Em seis anos de atividade, a cooperativa vem acumulando uma experiência de desvio da repetição do dia a dia, aproximando os jovens do bairro entre si e com clientes, nos diversificados trabalhos que aparecem para eles realizarem. O depoimento da presidenta Josilda Ribeiro foi para mim um presente naquele dia de festa. Ela disse que a Pirambu Digital já mudou a vida de muitos jovens do bairro, inclusive a dela. Relatou que após terminar os estudos ficara sem perspectiva de futuro. A expectativa de cursar uma faculdade e de se profissionalizar nasceu com os motivos para estudar aportados pela ideia da cooperativa.
O estudo de Borelli, Melo Rocha e Oliveira trata bem essa problemática abordada por Josilda. “Entre os jovens de classes populares a continuidade dos estudos e o adiamento da entrada no mercado de trabalho formal ou informal passa a ser um horizonte de expectativas e não propriamente uma condição de vida concreta, passível de realização” (p. 55). Corrobora ainda com a sintonia da Pirambu Digital ao afirmar que os computadores e os jogos eletrônicos são atualmente os principais responsáveis pelo uso do tempo dos jovens (p.123) e que a maior parte dos jovens associa independência à autonomia financeira (p. 101).
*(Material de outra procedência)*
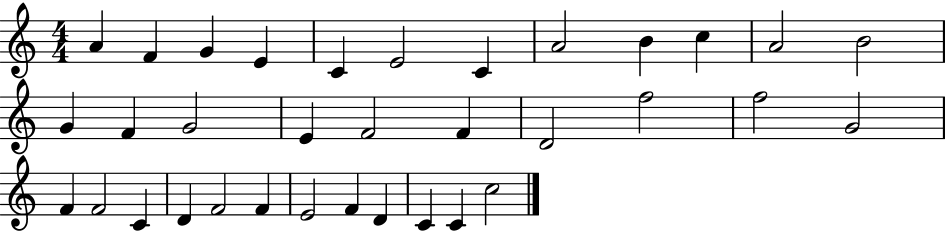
A4/q F4/q G4/q E4/q C4/q E4/h C4/q A4/h B4/q C5/q A4/h B4/h G4/q F4/q G4/h E4/q F4/h F4/q D4/h F5/h F5/h G4/h F4/q F4/h C4/q D4/q F4/h F4/q E4/h F4/q D4/q C4/q C4/q C5/h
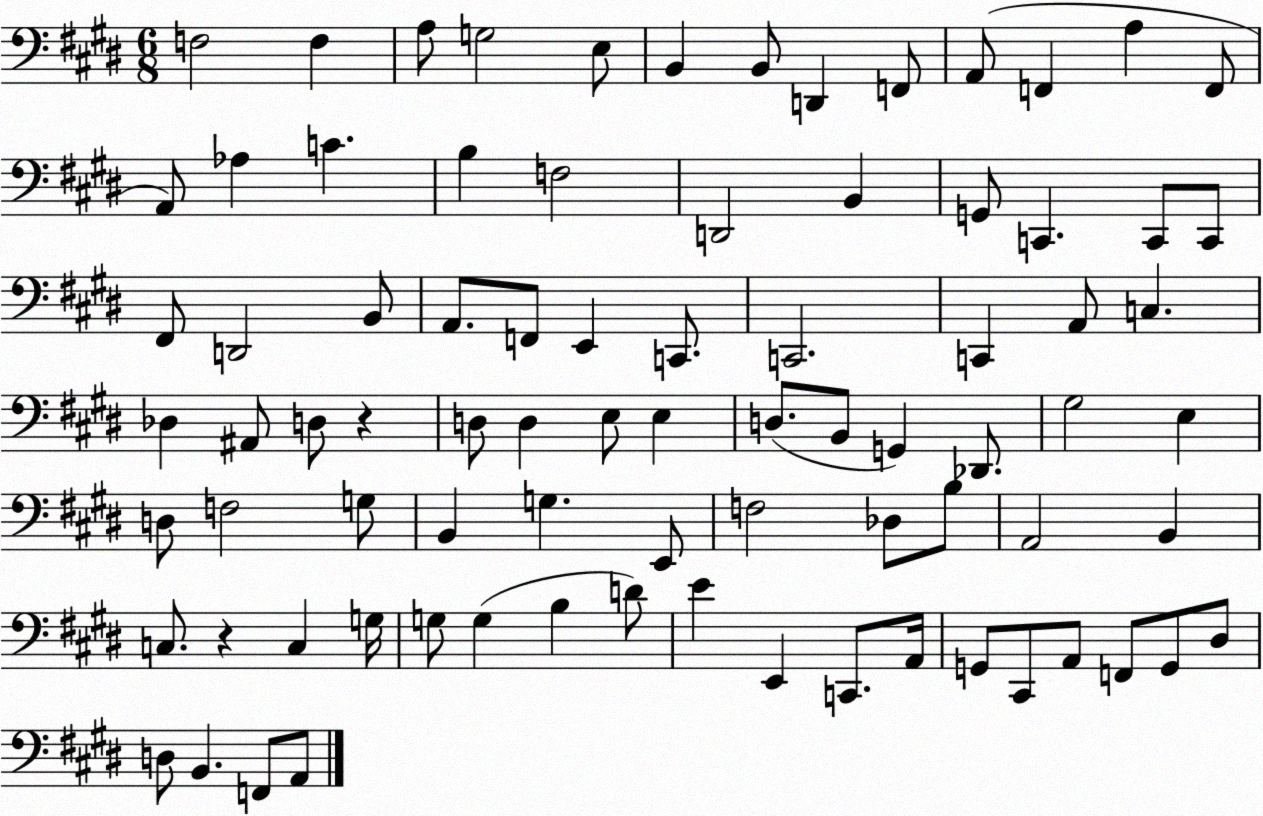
X:1
T:Untitled
M:6/8
L:1/4
K:E
F,2 F, A,/2 G,2 E,/2 B,, B,,/2 D,, F,,/2 A,,/2 F,, A, F,,/2 A,,/2 _A, C B, F,2 D,,2 B,, G,,/2 C,, C,,/2 C,,/2 ^F,,/2 D,,2 B,,/2 A,,/2 F,,/2 E,, C,,/2 C,,2 C,, A,,/2 C, _D, ^A,,/2 D,/2 z D,/2 D, E,/2 E, D,/2 B,,/2 G,, _D,,/2 ^G,2 E, D,/2 F,2 G,/2 B,, G, E,,/2 F,2 _D,/2 B,/2 A,,2 B,, C,/2 z C, G,/4 G,/2 G, B, D/2 E E,, C,,/2 A,,/4 G,,/2 ^C,,/2 A,,/2 F,,/2 G,,/2 ^D,/2 D,/2 B,, F,,/2 A,,/2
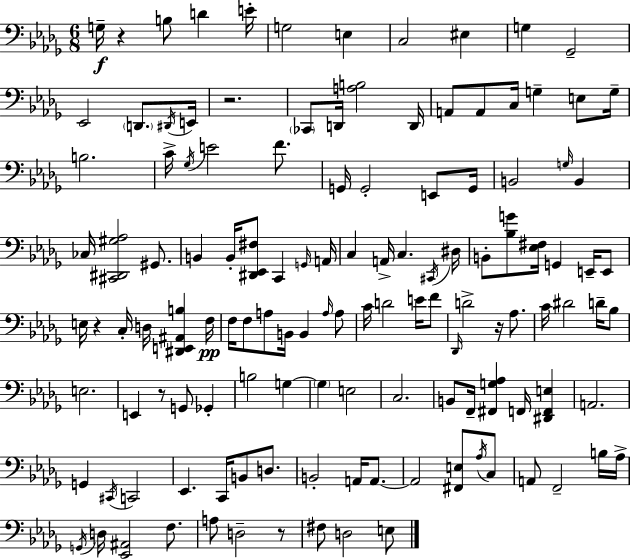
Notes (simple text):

G3/s R/q B3/e D4/q E4/s G3/h E3/q C3/h EIS3/q G3/q Gb2/h Eb2/h D2/e. D#2/s E2/s R/h. CES2/e D2/s [A3,B3]/h D2/s A2/e A2/e C3/s G3/q E3/e G3/s B3/h. C4/s Gb3/s E4/h F4/e. G2/s G2/h E2/e G2/s B2/h G3/s B2/q CES3/s [C#2,D#2,G#3,Ab3]/h G#2/e. B2/q B2/s [D#2,Eb2,F#3]/e C2/q G2/s A2/s C3/q A2/s C3/q. C#2/s D#3/s B2/e [Bb3,G4]/e [Eb3,F#3]/s G2/q E2/s E2/e E3/s R/q C3/s D3/s [D#2,E2,A#2,B3]/q F3/s F3/s F3/e A3/e B2/s B2/q A3/s A3/e C4/s D4/h E4/s F4/e Db2/s D4/h R/s Ab3/e. C4/s D#4/h D4/s Bb3/e E3/h. E2/q R/e G2/e Gb2/q B3/h G3/q G3/q E3/h C3/h. B2/e F2/s [F#2,G3,Ab3]/q F2/s [D#2,F2,E3]/q A2/h. G2/q C#2/s C2/h Eb2/q. C2/s B2/e D3/e. B2/h A2/s A2/e. A2/h [F#2,E3]/e Ab3/s C3/e A2/e F2/h B3/s Ab3/s G2/s D3/s [Eb2,A#2]/h F3/e. A3/e D3/h R/e F#3/e D3/h E3/e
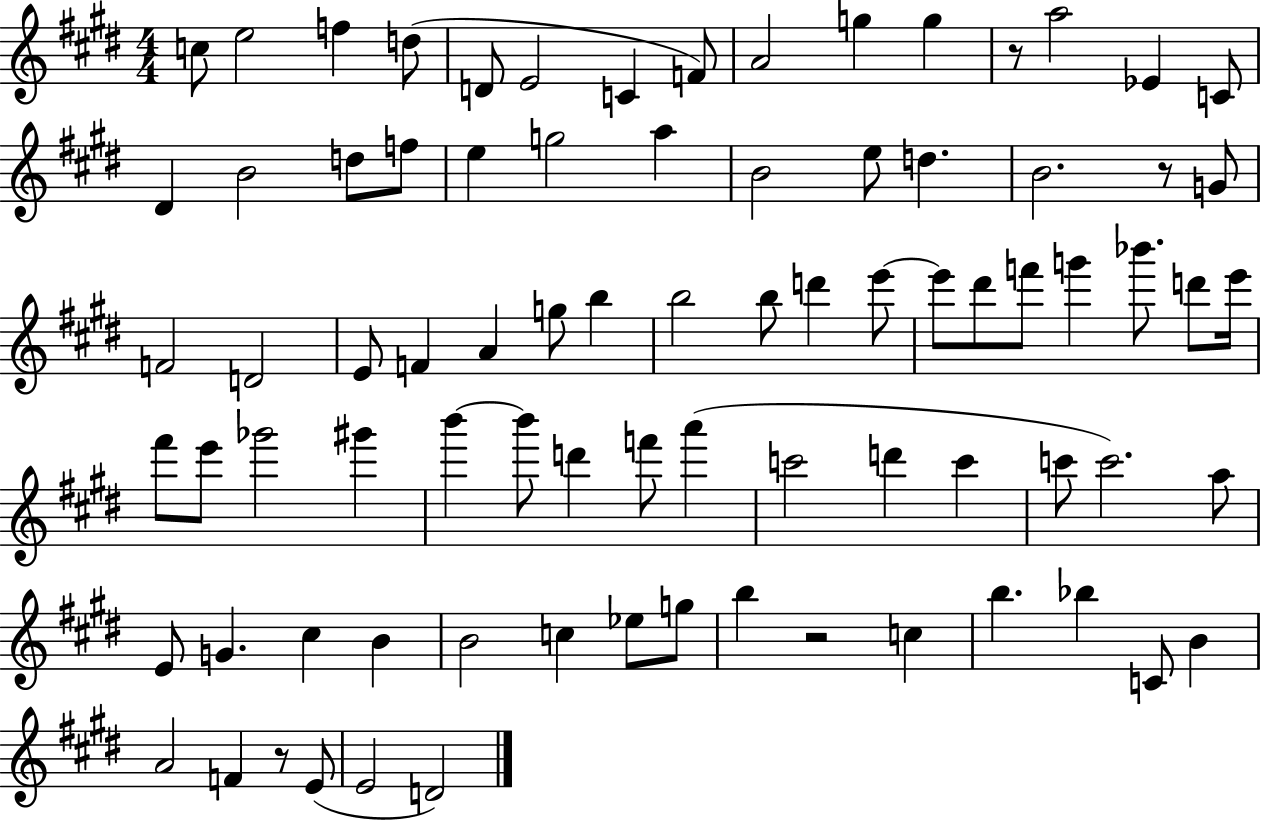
{
  \clef treble
  \numericTimeSignature
  \time 4/4
  \key e \major
  c''8 e''2 f''4 d''8( | d'8 e'2 c'4 f'8) | a'2 g''4 g''4 | r8 a''2 ees'4 c'8 | \break dis'4 b'2 d''8 f''8 | e''4 g''2 a''4 | b'2 e''8 d''4. | b'2. r8 g'8 | \break f'2 d'2 | e'8 f'4 a'4 g''8 b''4 | b''2 b''8 d'''4 e'''8~~ | e'''8 dis'''8 f'''8 g'''4 bes'''8. d'''8 e'''16 | \break fis'''8 e'''8 ges'''2 gis'''4 | b'''4~~ b'''8 d'''4 f'''8 a'''4( | c'''2 d'''4 c'''4 | c'''8 c'''2.) a''8 | \break e'8 g'4. cis''4 b'4 | b'2 c''4 ees''8 g''8 | b''4 r2 c''4 | b''4. bes''4 c'8 b'4 | \break a'2 f'4 r8 e'8( | e'2 d'2) | \bar "|."
}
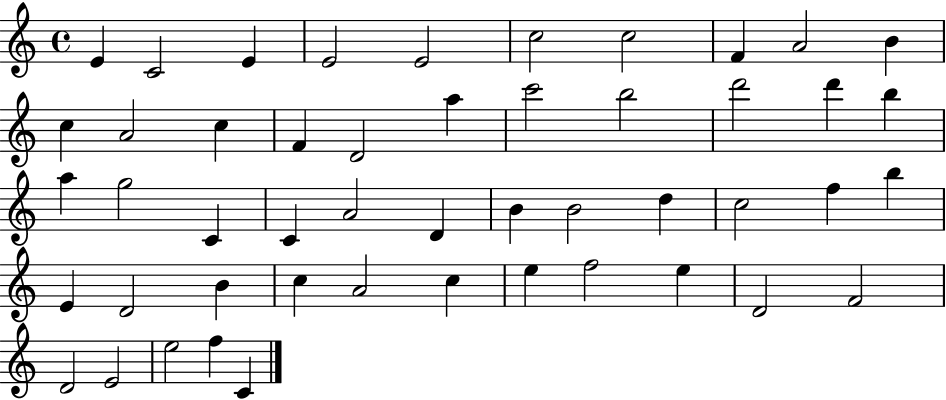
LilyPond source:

{
  \clef treble
  \time 4/4
  \defaultTimeSignature
  \key c \major
  e'4 c'2 e'4 | e'2 e'2 | c''2 c''2 | f'4 a'2 b'4 | \break c''4 a'2 c''4 | f'4 d'2 a''4 | c'''2 b''2 | d'''2 d'''4 b''4 | \break a''4 g''2 c'4 | c'4 a'2 d'4 | b'4 b'2 d''4 | c''2 f''4 b''4 | \break e'4 d'2 b'4 | c''4 a'2 c''4 | e''4 f''2 e''4 | d'2 f'2 | \break d'2 e'2 | e''2 f''4 c'4 | \bar "|."
}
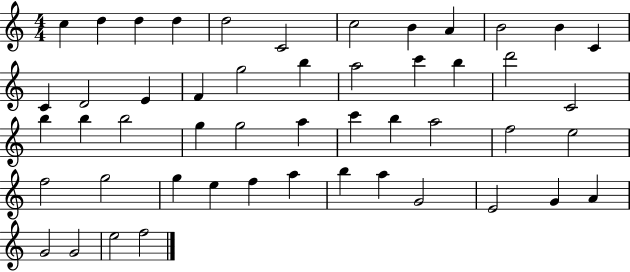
{
  \clef treble
  \numericTimeSignature
  \time 4/4
  \key c \major
  c''4 d''4 d''4 d''4 | d''2 c'2 | c''2 b'4 a'4 | b'2 b'4 c'4 | \break c'4 d'2 e'4 | f'4 g''2 b''4 | a''2 c'''4 b''4 | d'''2 c'2 | \break b''4 b''4 b''2 | g''4 g''2 a''4 | c'''4 b''4 a''2 | f''2 e''2 | \break f''2 g''2 | g''4 e''4 f''4 a''4 | b''4 a''4 g'2 | e'2 g'4 a'4 | \break g'2 g'2 | e''2 f''2 | \bar "|."
}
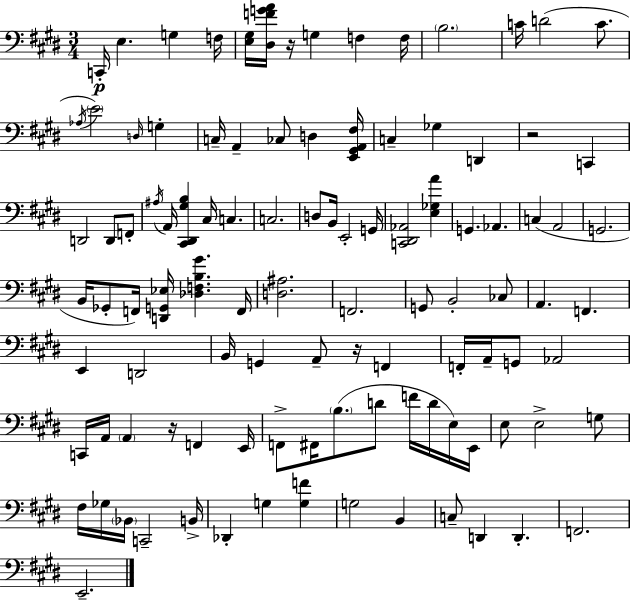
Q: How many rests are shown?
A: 4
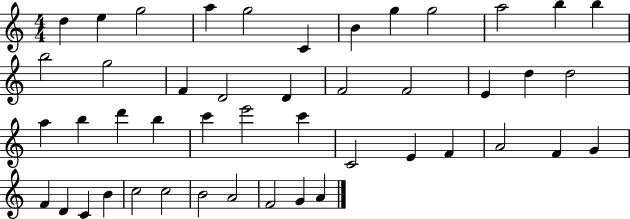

Pensando no quão complexa é essa realidade, foi mais bonito ainda ouvir a Josilda falar com orgulho do cotidiano da Pirambu Digital: “A gente tem meninos aqui que começam sem saber nem ligar um computador. Eles recebem curso de informática básica, depois aprendem informática mais avançada, aprendem ferramentas novas e passam a devolver profissionalmente suas habilidades. E todo mundo aprende muito rápido, porque o pessoal aqui do Pirambu tem uma capacidade muito grande de aprender rápido”.
O Ministério da Educação bem que poderia investigar melhor esse tipo de laboratório econômico e social. Está em linha com os esforços de “agregar os princípios e fundamentos da educação básica que articulam cultura, conhecimento, tecnologia e trabalho, como direito de todos e condição de cidadania e democracia efetivas (“Políticas públicas para a educação profissional e tecnológica”, p. 59, MEC, 2004, Brasília-DF).
Com um pouco mais de atenção e fortalecimento, essa experiência, que tem testada as quatro competências definidas pela Unesco como essenciais para “aprendermos a viver juntos”, poderá ser replicada em outras comunidades, através de políticas públicas de educação, no sentido pleno. Por enquanto, o bairro do Pirambu, com mais de 350 mil pessoas, ainda não tem nem um pé de universidade; mas não há razão para duvidar da qualidade da semente.